**GIVEN RECORDS:**
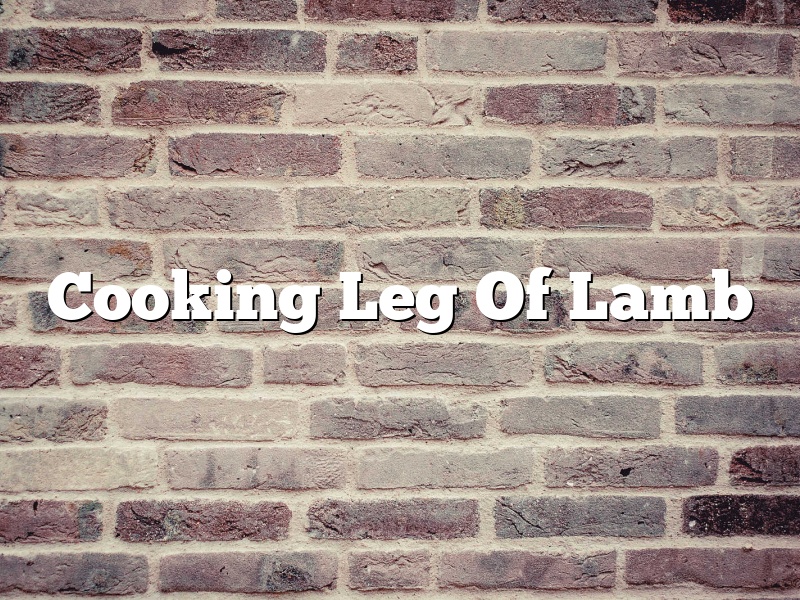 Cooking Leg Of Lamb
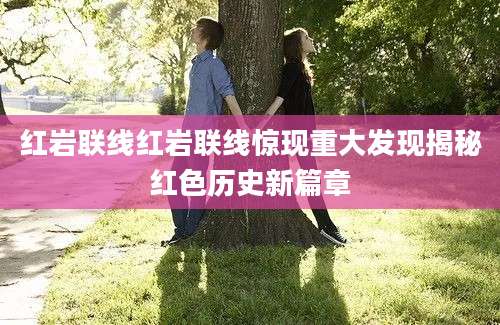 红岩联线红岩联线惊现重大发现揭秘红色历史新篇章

==

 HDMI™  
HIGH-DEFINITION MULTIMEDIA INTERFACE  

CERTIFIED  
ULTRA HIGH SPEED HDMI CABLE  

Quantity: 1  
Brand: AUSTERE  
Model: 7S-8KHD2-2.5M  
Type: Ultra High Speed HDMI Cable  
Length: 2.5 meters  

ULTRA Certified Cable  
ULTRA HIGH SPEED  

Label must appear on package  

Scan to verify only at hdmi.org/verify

---

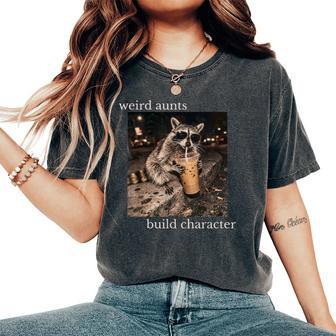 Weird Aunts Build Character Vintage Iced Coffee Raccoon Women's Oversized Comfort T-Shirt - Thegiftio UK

**DIRECTIONS:** Copy the stretch of the records above that runs from the line with "Brand: AUSTERE" through the line with "Scan to verify only at hdmi.org/verify". Both end lines belong in the copy, and nothing else does.

**OUTPUT OF THE EXERCISE:**
Brand: AUSTERE  
Model: 7S-8KHD2-2.5M  
Type: Ultra High Speed HDMI Cable  
Length: 2.5 meters  

ULTRA Certified Cable  
ULTRA HIGH SPEED  

Label must appear on package  

Scan to verify only at hdmi.org/verify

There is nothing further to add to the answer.